- [TASK BRIEF]: When a line of the entries contains "Used", please list that line.

┌──

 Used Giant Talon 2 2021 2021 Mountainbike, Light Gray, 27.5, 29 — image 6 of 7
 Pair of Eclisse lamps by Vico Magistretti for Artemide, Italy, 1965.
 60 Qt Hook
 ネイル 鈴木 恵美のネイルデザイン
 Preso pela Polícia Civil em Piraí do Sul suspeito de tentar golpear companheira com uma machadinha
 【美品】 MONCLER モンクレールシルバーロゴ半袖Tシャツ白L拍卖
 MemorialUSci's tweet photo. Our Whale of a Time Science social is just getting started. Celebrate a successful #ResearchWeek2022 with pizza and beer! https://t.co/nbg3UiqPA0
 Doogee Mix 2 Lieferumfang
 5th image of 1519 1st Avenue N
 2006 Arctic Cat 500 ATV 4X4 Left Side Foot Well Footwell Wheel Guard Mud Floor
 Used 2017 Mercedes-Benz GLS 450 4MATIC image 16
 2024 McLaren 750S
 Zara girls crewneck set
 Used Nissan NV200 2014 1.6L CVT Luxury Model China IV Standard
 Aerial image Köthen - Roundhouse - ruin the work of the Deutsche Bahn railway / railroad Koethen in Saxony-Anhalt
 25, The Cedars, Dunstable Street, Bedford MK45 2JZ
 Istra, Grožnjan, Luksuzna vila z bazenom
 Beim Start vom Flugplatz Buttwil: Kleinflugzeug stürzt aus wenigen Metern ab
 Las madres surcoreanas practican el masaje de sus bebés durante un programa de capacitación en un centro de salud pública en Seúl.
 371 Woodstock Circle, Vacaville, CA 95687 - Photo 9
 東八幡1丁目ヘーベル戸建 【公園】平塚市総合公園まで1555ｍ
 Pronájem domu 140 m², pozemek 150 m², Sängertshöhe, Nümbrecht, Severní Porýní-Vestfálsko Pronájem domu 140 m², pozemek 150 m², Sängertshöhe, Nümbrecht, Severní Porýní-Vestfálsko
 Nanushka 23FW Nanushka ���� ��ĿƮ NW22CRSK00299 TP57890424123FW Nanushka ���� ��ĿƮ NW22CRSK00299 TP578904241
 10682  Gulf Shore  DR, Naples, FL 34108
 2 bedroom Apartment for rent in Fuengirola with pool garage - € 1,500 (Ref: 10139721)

└──

- [EXERCISE SOLUTION]:
 Used Giant Talon 2 2021 2021 Mountainbike, Light Gray, 27.5, 29 — image 6 of 7
 Used 2017 Mercedes-Benz GLS 450 4MATIC image 16
 Used Nissan NV200 2014 1.6L CVT Luxury Model China IV Standard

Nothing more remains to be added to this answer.